Science and religion-based issues are being discussed on campus, in the community and in the media, said Burns. But discussions are often based on emotion instead of fact, she said.

CVDSR will try to stimulate discussions among students, community members and experts in the areas of science and religion in an environment in which people can focus on issues, without letting emotion control the conversation, Burns said.

"Our agenda is not to present one side and say it's the right side," Burns said. "We want to help people get good information about all sides of an issue, filter it and make sense of it in the context of their own belief system."

The core members of CVDSR have been meeting since fall 2005 to study and discuss some issues they believe have social and religious significance, Burns said. The May 9 event is an effort to involve more people in the conversation, she said.

CVDSR members plan to bring nationally known experts in science and religion to campus to lead public forums and lectures about issues relating to the intersection of science and religion, Burns said, noting that care will be taken when selecting experts to ensure that all sides of issues are represented.

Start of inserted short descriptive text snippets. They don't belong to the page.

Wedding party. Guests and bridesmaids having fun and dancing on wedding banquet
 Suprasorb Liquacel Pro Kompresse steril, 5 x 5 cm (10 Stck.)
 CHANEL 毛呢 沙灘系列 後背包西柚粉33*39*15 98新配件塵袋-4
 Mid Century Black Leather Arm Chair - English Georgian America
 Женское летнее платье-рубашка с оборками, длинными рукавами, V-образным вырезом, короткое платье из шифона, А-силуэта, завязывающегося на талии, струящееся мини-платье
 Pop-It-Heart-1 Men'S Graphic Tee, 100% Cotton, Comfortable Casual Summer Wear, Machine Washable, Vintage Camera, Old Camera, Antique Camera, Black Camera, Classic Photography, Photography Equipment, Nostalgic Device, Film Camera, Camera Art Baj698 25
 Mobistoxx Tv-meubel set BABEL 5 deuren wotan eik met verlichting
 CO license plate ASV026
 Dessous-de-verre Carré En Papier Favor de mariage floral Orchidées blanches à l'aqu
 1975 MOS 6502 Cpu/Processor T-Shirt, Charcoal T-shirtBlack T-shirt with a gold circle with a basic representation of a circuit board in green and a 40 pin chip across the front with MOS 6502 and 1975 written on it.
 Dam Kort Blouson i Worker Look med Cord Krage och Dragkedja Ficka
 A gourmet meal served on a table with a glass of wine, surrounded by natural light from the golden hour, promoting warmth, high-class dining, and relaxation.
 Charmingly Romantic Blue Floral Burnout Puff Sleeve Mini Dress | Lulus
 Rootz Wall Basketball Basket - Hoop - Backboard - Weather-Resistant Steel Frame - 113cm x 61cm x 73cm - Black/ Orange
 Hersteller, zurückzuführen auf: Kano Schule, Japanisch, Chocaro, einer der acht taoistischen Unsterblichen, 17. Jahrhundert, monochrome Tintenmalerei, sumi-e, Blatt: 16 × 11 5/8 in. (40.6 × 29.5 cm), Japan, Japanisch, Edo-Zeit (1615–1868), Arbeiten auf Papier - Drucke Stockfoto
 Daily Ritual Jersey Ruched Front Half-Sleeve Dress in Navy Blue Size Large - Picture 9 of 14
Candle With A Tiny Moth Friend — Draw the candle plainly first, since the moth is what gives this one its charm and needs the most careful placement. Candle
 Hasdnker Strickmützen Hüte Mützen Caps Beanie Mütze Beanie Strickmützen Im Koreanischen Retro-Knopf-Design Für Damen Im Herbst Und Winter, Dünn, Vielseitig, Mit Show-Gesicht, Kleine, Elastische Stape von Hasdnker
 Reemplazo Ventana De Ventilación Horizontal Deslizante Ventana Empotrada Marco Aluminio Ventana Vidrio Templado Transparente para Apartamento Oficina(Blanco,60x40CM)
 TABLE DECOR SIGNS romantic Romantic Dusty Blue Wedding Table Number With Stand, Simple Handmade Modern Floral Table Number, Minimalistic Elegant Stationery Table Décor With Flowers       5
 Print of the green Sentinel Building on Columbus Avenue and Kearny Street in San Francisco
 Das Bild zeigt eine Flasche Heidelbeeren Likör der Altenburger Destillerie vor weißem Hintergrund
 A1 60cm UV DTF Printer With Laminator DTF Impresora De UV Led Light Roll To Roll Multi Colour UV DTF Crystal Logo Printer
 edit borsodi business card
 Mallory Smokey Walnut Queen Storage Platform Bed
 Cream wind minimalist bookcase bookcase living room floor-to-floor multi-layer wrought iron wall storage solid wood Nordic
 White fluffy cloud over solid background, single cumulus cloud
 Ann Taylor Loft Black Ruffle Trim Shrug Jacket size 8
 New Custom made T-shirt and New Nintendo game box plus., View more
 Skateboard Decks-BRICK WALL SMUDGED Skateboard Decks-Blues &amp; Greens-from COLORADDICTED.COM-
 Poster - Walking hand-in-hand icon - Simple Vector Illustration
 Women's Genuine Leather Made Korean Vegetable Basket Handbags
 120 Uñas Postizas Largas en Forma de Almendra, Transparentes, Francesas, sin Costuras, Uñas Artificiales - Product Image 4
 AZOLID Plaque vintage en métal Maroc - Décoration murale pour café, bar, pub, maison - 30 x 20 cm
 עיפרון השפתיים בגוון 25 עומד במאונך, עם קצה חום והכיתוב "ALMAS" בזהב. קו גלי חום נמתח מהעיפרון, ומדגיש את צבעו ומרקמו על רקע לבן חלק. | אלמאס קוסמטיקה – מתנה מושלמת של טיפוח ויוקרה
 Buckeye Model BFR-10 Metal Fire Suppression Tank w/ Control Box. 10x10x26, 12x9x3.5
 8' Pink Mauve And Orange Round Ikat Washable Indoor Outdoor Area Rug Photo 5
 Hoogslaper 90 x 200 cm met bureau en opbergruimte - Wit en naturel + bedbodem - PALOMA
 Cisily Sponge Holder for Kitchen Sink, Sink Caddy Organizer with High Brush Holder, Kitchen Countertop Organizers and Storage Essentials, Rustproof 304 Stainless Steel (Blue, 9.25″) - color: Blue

Local experts also will make public presentations, she said.

CVDSR received a three-year $30,000 grant from the Local Societies Initiative, which is administered by the Metanexus Institute through funding from the John Templeton Foundation. The UW-Eau Claire Foundation and the College of Arts and Sciences also provided funds.

The May 9 event is free and open to the public. Event sponsors include the CVDSR initiative and the department of philosophy and religious studies.